Ci troviamo ad occidente del territorio di Bomarzo, in un ambiente boschivo particolare, denominato "Serraglio", sulla cui etimologia non v'è molta chiarezza. Potrebbe indicare un luogo difensivo, serrato o serrante qualcosa, un riparo per animali. E' un bosco fitto di querce, che d'inverno assume colori bigi, paesaggisticamente diversi da quelli incontrati ieri sulle tracce di Pasolini. Ma anche qui la natura ha scavato un Fosso, nella forra, tributario del torrente Vezza, e che chiaramente è denominato Fosso del Serraglio. Alla sua destra idrografica si trova appunto il bosco omonimo, in cui sono disseminati gli ormai familiari massi erratici di peperino, che furono modellati dagli antichi abitatori in base a precise funzioni: sacre o quotidiane.

Per raggiungerlo si deve costeggiare la muraglia del celebre Parco dei Mostri (o Bosco Sacro) e prendere una strada sterrata. L'avevamo già percorsa lo scorso anno per dirigerci alla Riserva Naturale di Monte Casoli, con le caratteristiche tombe rupestri (e abitazioni) che hanno perforato una grande quantità di rocce laviche. Questa volta ci portiamo nella parte più meridionale.  Il torrente Vezza divide tutto questo complesso territorio da Malano, dove si trova la cosidetta "Selva", che visiteremo in un successivo sopralluogo, magari con la stagione primaverile. C'è da rilevare che alcuni manufatti presenti nel bosco del Serraglio sono stati ritrovati anche nelle contigue zone sorianesi (Valle di San Nicolao e, appunto, nella Selva di Malano). Questo può indicarci come una stessa cultura, che utilizzava le medesime tecniche 'costruttive', era insediata in tutta l'area. Recenti scoperte ad opera del prof. Lidio Gasperini ha messo in evidenza delle iscrizioni latine, su certi manufatti, che nessuno aveva mai individuato nè studiato prima. E ancora c'è molto da investigare.

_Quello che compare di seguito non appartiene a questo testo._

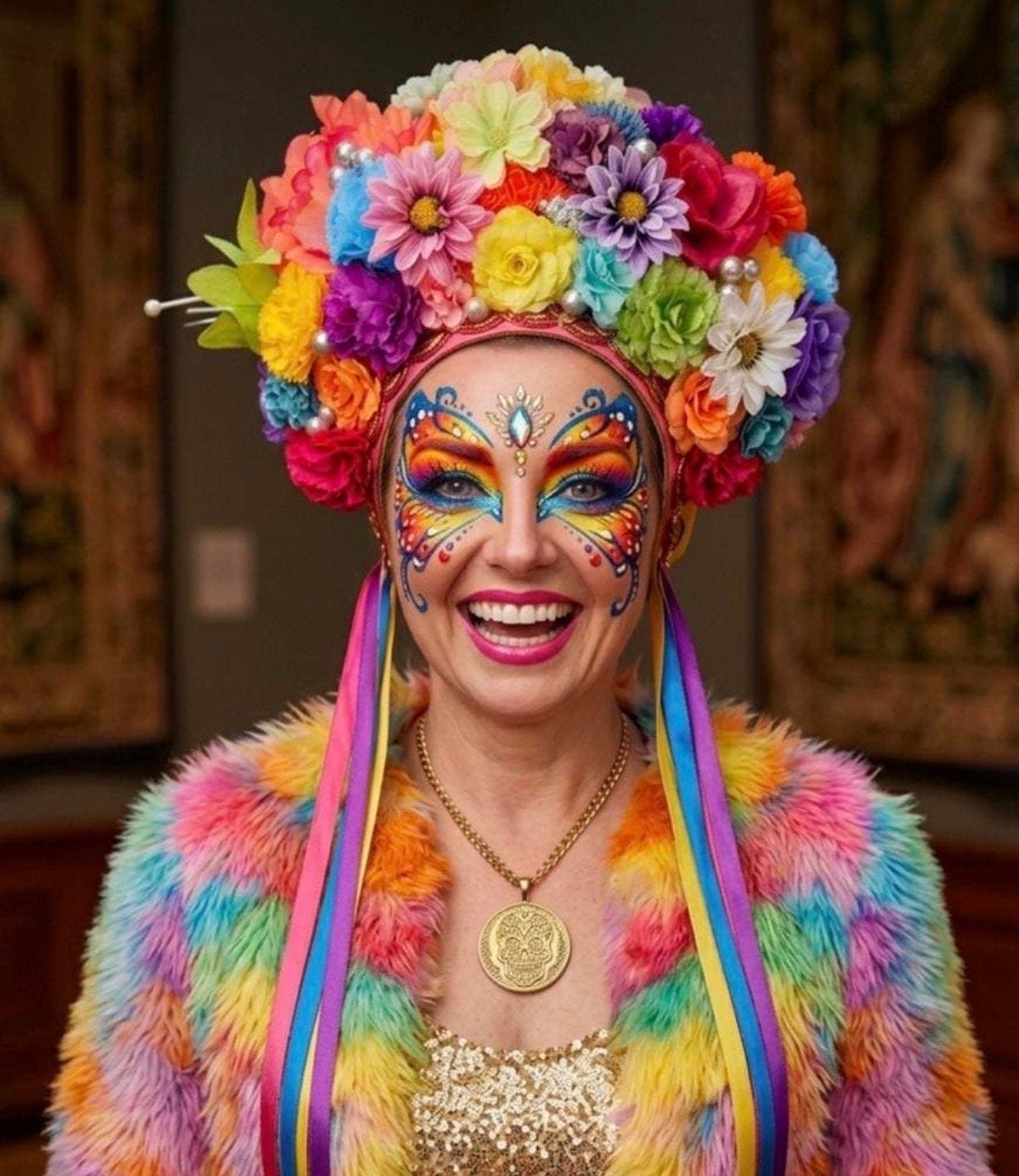 Vrolijke multicolor bloemenband Bloemfetti, Kleding | Dames, Carnavalskleding en Feestkleding, Ophalen of Verzenden, Nieuw, Carnaval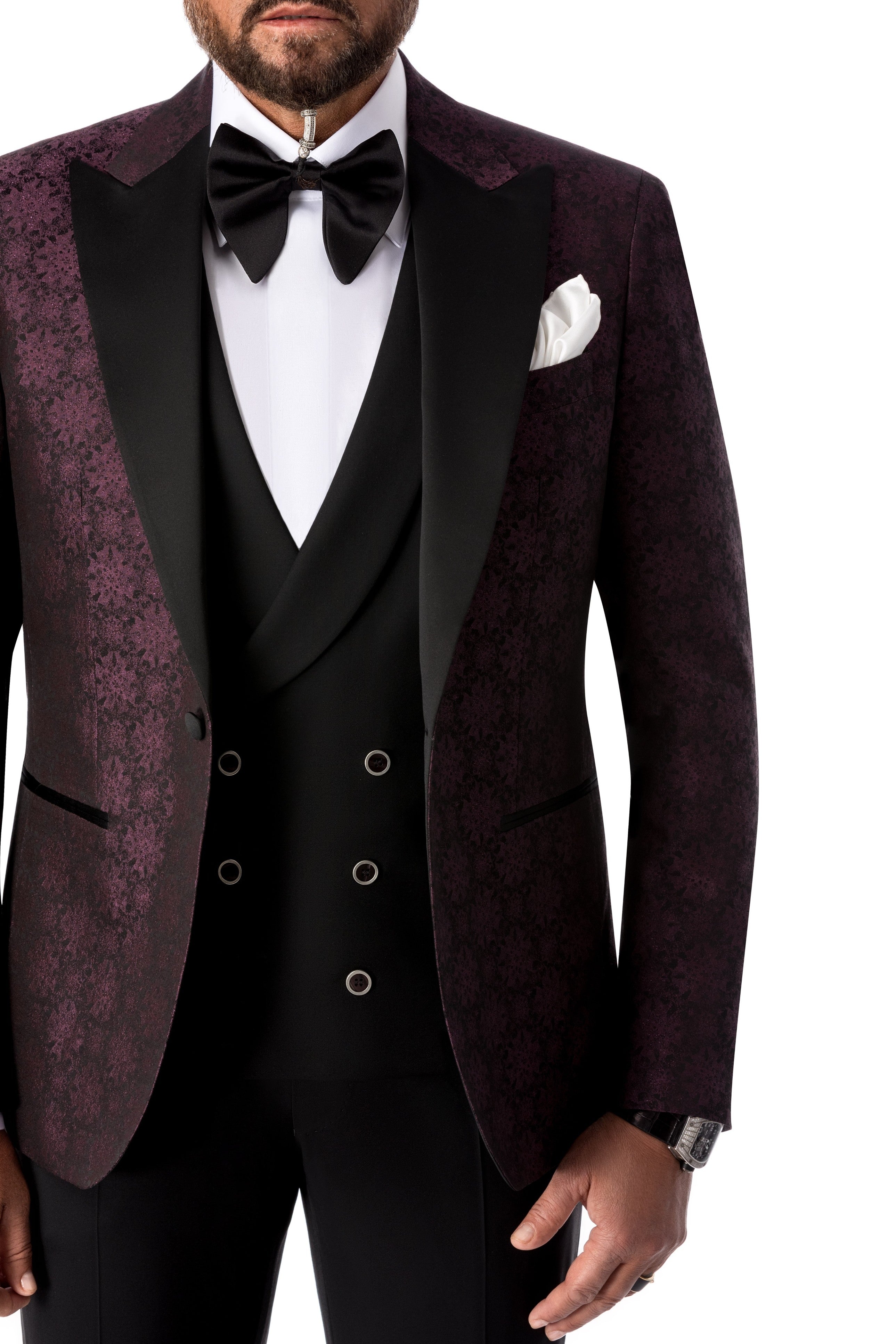 Tuxedo jacket with textured print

Appena lasciata la macchina, si prosegue a piedi. Alzando lo sguardo, sulla sinistra Salvatore indica una struttura litica chiamata 'Castelluzza', mentre una straordinaria abitazione rupestre fa bella mostra di sè, attaccata alla rupe. Si nota che questo bosco non è stato pulito e liberato dalle sterpaglie: il percorso è reso più difficile da un tronco caduto sul sentiero, dai rovi che si attaccano addosso, ed è -per un certo tratto- obbligato su un viottolo fiancheggiato a destra da un filo spinato e, a sinistra, da una lunghissima muraglia, totalmente invasa dalla vegetazione. La sua fattura potrebbe essere etrusca, ne avevamo viste già l'anno scorso, poco dopo Via Cupa, ma questa è poco indagabile in quanto non se ne vedono che minimi tratti (necessiterebbe di essere ripulita e rimessa in luce). Dopo una buona ventina di minuti di cammino, ci immergiamo nel bosco del Serraglio, in cui orientarsi - se non fosse che c'è la mia guida- sarebbe arduo. Unica compagnia, oltre la vegetazione, i massi giacenti al suolo (che non è male!). Ma ecco che essi cominciano a trasformarsi in qualcosa di più che semplici macigni, a fornire degli indizi e a parlarci della vita che vi ha dimorato. Sicuramente per sempre.

 

In un' atmosfera assai suggestiva, come un'officina del fantastico (questo bosco è più 'severo' di quello del Fosso Castello, a parere di chi scrive), compare un agglomerato di alti macigni, addossati l'un l'altro, che -avvicinandosi- rivela una lavorazione accurata: due nicchie sono state ricavate nella roccia, due tombe e, vista la loro dimensione, appartenevano a dei bambini. A rinforzo di tale considerazione, nel masso limitrofo, sulla destra, è incisa un'epigrafe latina che dice: PVUERI HIC CO/NDITI (Qui sono sepolti dei bambini). La gente del posto ha sempre chiamato questo manufatto il Sasso delle Madonnelle, ritenendole edicole di culto mariano. Attualmente sono vuote, ma è possibile che in alcune epoche qualcuno vi avesse collocato delle icone della Madonna? Risalgono comunque ad un tempo remoto, forse etrusco- romano. Chi scrisse l'epigrafe che è incisa sul masso accanto? Forse le sepolture avevano qualche riferimento nella loro parte anteriore, che oggi non esiste più (sembra strano fossero state lasciate completamente aperte).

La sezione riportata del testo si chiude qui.